Les bons moments du festival, ce sont les soirées spéciales, comme celle consacrée au cinéma bollywoodien, qui a fait salle comble le 31 octobre avec la projection de Jodhaa Akbar et un repas indien. Trois jours plus tôt, le public était invité à venir habillé en noir et blanc, pour la projection du film japonais L’île nue à l’occasion de la vingtième édition du festival. Après la séance, tout le monde s’est retrouvé sur la scène pour déguster un buffet préparé entre autres par Zoya Mezadourian, un des piliers de l’équipe du cinéma. Vin de noix, oeufs de lump, toasts au endives et gâteaux à la crème et au chocolat, voilà qui change du pop-corn !

Plus classique, le festival a offert une demi-douzaine de rencontres avec des réalisateurs, comme le documentariste Olivier Weber, venu présenter La fièvre de l’or. « Je suis fasciné par la fascination des hommes pour l’or, explique-t-il. L’Amazonie, c’est un casino, en plus dangereux. L’espérance de vie des orpailleurs est très réduite. Les femmes y sont une marchandise, au même titre que le mercure, l’essence et les quads. Cet endroit entre le nord du Brésil, le Surinam et la Guyane française, c’est l’ancien Eldorado des conquistadors. Et l’Europe y gagne au change, puisqu’elle exporte du mercure, 120 tonnes par an, contre 300 tonnes d’or. »

« Ce que j’aime dans le festival, ce sont les rencontres avec les réalisateurs et se retrouver entre amis. »

Côté fiction, René Féret a présenté en avant-première Comme une étoile dans la nuit, une histoire d’amour et de mort (sortie le 3 décembre) entre une jeune femme et son compagnon qui apprend qu’il est atteint d’un cancer incurable. « Chaque image de ce film est sortie de notre atelier de création, sans livre de recettes. Il s’inspire d’une histoire vraie qu’a vécu ma nièce, autrement dit, le scénario était écrit par la réalité. Il ne fallait surtout pas tomber dans le pathos. Et maintenant, c’est un film qui existe, et qui va durer plus longtemps que nous tous. »
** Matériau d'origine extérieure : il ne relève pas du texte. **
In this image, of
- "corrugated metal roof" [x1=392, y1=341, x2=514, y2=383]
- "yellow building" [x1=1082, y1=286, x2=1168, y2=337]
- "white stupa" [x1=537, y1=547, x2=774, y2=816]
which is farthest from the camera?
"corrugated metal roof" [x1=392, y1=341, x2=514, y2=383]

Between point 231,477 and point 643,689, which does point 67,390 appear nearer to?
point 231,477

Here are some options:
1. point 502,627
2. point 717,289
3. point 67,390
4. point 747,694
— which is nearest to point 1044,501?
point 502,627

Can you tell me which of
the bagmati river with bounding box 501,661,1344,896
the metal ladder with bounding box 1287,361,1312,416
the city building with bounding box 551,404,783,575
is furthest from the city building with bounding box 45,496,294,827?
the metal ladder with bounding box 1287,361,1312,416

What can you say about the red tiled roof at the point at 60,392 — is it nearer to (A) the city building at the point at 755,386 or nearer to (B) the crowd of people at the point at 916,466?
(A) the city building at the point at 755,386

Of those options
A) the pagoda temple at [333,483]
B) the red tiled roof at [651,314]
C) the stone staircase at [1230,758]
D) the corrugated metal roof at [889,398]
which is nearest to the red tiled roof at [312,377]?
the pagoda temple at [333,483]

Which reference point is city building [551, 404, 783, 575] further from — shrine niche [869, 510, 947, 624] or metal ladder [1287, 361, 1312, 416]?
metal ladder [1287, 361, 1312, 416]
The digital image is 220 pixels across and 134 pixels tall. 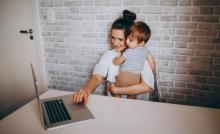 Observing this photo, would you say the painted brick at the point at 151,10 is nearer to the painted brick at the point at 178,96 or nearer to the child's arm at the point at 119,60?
the child's arm at the point at 119,60

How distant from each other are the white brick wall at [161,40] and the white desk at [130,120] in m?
0.98

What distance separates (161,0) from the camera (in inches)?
86.9

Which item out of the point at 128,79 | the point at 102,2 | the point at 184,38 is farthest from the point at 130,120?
the point at 102,2

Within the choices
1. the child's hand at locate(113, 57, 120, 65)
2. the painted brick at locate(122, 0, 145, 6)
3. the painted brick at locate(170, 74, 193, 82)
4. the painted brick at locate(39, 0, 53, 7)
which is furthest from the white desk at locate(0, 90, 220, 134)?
the painted brick at locate(39, 0, 53, 7)

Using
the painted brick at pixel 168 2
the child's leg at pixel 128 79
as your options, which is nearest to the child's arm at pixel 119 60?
the child's leg at pixel 128 79

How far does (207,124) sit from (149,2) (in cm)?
143

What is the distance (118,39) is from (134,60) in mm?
298

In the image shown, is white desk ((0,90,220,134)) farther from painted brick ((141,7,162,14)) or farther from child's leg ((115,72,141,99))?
painted brick ((141,7,162,14))

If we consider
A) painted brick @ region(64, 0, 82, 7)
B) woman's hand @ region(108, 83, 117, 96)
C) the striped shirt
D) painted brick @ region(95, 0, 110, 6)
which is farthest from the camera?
painted brick @ region(64, 0, 82, 7)

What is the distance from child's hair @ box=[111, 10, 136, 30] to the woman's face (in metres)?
0.04

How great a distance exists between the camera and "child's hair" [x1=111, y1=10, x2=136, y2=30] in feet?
7.11

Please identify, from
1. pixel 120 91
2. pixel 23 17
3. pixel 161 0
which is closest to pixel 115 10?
pixel 161 0

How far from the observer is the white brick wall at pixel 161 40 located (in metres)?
2.16

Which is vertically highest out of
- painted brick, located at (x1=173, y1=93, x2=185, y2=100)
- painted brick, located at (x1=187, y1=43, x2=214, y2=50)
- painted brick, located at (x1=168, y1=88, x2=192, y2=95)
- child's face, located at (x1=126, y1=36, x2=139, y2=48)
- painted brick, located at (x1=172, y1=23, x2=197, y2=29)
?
painted brick, located at (x1=172, y1=23, x2=197, y2=29) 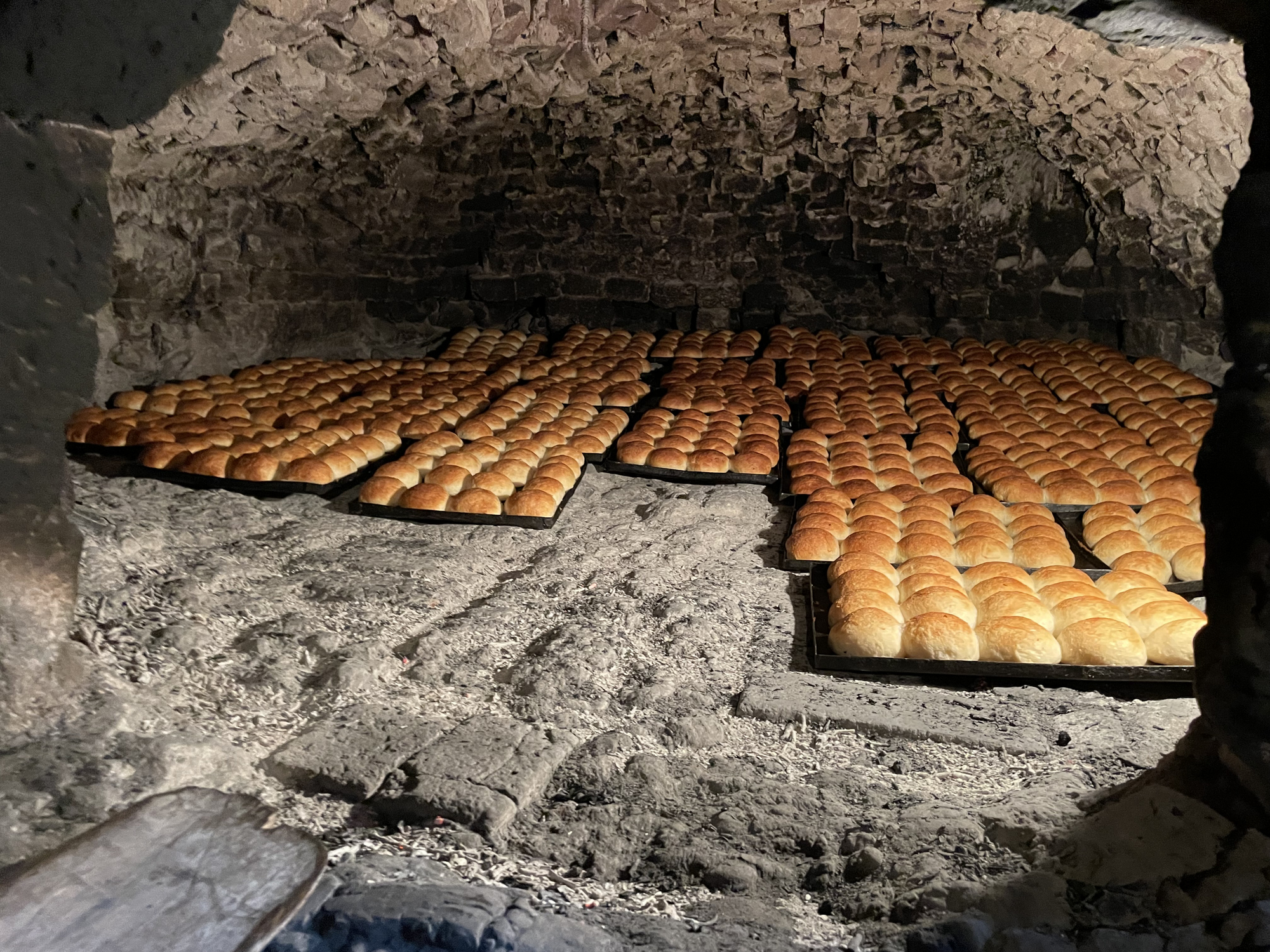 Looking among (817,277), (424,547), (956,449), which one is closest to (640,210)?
(817,277)

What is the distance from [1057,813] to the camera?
6.10 ft

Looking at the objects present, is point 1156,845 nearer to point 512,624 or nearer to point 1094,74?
point 512,624

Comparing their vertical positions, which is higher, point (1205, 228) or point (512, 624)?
point (1205, 228)

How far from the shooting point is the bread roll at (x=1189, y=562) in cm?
309

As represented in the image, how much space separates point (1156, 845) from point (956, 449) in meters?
3.25

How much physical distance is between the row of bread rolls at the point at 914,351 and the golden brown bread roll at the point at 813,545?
3947mm

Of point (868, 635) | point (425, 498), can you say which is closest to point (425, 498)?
point (425, 498)

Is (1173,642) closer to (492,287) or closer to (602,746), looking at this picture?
(602,746)

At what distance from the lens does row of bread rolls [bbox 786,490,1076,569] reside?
320 centimetres

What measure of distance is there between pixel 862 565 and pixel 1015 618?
0.55 m

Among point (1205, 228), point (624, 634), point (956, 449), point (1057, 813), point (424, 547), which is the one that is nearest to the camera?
point (1057, 813)

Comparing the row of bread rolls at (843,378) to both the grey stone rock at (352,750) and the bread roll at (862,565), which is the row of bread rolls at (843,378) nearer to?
the bread roll at (862,565)

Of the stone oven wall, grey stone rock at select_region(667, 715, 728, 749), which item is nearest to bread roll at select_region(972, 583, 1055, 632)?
grey stone rock at select_region(667, 715, 728, 749)

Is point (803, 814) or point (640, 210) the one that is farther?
point (640, 210) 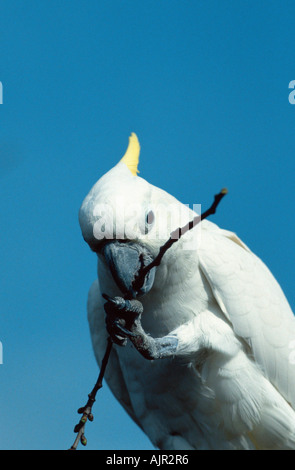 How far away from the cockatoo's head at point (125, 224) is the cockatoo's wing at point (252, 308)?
0.53m

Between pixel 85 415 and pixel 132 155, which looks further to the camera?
pixel 132 155

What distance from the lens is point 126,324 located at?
4.64m

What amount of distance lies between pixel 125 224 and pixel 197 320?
1040 millimetres

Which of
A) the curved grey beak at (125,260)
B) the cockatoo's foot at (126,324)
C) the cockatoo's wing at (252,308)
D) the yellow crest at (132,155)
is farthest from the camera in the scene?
the yellow crest at (132,155)

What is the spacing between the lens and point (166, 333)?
217 inches

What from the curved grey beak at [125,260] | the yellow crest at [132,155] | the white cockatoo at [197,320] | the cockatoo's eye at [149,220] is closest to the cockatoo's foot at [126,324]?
the white cockatoo at [197,320]

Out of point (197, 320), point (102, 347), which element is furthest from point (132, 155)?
point (102, 347)

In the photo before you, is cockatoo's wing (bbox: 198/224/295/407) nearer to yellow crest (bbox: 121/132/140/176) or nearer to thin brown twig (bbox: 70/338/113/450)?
yellow crest (bbox: 121/132/140/176)

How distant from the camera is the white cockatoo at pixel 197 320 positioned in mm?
4914

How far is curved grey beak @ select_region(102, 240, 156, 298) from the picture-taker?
472 centimetres

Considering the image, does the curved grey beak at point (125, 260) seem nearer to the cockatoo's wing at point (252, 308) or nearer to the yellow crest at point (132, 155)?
the cockatoo's wing at point (252, 308)

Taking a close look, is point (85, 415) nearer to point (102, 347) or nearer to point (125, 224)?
point (125, 224) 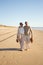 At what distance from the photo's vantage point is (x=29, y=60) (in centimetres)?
891

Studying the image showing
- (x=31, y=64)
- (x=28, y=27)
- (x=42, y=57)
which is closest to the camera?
(x=31, y=64)

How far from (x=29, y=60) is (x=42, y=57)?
3.09ft

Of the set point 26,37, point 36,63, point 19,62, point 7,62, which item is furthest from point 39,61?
point 26,37

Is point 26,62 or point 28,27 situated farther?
point 28,27

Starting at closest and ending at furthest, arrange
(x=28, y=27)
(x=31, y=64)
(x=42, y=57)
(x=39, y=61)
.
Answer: (x=31, y=64) → (x=39, y=61) → (x=42, y=57) → (x=28, y=27)

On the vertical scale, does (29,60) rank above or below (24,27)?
below

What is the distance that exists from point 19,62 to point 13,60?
0.44m

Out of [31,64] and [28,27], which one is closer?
[31,64]

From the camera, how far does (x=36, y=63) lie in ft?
27.5

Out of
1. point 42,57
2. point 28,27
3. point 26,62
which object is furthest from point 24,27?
point 26,62

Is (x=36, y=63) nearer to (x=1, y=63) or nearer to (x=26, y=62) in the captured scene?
(x=26, y=62)

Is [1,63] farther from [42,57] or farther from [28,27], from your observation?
[28,27]

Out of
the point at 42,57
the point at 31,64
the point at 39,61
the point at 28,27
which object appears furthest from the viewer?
the point at 28,27

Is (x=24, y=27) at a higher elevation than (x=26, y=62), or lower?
higher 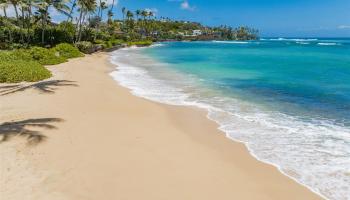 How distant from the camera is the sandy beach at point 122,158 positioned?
298 inches

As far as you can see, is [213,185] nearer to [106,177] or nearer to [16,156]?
[106,177]

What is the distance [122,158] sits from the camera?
9320 millimetres

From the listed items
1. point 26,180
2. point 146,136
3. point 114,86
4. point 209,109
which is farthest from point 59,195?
point 114,86

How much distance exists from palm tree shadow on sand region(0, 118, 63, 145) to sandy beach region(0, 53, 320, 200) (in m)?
0.03

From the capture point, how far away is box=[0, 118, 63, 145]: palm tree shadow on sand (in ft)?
33.2

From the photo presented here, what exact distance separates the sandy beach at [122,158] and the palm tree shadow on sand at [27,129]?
Result: 1.1 inches

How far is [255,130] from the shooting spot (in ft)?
41.4

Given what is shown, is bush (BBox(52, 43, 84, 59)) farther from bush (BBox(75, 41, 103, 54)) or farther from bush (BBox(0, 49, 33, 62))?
bush (BBox(0, 49, 33, 62))

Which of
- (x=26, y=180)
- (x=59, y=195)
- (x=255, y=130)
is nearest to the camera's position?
(x=59, y=195)

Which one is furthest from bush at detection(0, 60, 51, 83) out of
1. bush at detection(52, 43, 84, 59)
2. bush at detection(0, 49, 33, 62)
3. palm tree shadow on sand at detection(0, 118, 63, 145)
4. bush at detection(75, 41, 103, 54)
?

Ce qu’aime René Féret avant tout, c’est de faire revivre des personnages disparus. « Mon frère est mort avant ma naissance, et d’une certaine manière, je le remplace. Je travaille en ce moment sur le tournage d’un film qui raconte l’histoire de la soeur de Mozart. » Celle-ci sera interprétée par la propre fille du réalisateur, Marie Féret présente à ses côtés au 3 Casino. « Je suis très content d’être à Gardanne, ajouta-t-il. C’est un des endroits de cinéphilie vivante, avec un public qui aime vraiment le cinéma. »

Le palmarès du festival

C’est l’histoire étonnante, drôle et émouvante des Young@Heart filmés par Stephen Walker. I feel good ! clament ces chanteurs et chanteuses de 80 ans de moyenne d’âge. Une chorale à nulle autre pareille qui connaît le succès dans monde entier avec des reprises sur scène de Jimi Hendrix, des Clash, de Radiohead ou de James Brown (sortie annoncée le 24 décembre). C’est en tout cas le film préféré du public pour cette vingtième édition riche en émotions.

Le prix de la jeunesse, décerné par le jury jeunes, est allé au film polonais Quatre nuits avec Anna de Jerzy Skolimowski (sortie le 5 novembre). Mais les jeunes ont tenu eux aussi à donner un gros coup de coeur aux ancêtres de I feel good ! bel exemple de rapprochement des générations.

Enfin, le prix du court-métrage est attribué à Paseo de Arturo Ruiz Serano (Espagne).